### What to produce
Transcribe exactly the line in which "Đọc truyện hentai" occurs, plus every line that comes after it up to the end of the entries.

### Provided data
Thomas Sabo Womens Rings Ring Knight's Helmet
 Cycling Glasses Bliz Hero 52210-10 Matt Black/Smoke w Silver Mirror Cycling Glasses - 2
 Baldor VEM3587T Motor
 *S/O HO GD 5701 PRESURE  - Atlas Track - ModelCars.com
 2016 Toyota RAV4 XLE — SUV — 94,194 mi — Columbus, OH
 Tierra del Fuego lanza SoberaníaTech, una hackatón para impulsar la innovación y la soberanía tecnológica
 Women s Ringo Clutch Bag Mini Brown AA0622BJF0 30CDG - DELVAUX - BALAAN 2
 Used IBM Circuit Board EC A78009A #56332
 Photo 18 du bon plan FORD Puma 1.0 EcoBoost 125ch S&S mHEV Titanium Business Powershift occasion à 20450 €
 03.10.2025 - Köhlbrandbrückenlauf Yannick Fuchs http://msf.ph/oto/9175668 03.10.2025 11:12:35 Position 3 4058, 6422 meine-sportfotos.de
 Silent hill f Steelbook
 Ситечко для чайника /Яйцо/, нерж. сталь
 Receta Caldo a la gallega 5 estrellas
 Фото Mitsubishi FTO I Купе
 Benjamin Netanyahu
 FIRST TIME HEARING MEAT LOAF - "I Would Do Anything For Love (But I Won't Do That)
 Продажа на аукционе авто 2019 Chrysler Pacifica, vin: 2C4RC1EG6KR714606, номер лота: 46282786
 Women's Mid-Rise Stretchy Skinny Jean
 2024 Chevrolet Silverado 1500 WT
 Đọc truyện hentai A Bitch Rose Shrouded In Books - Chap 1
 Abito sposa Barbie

### Output
 Đọc truyện hentai A Bitch Rose Shrouded In Books - Chap 1
 Abito sposa Barbie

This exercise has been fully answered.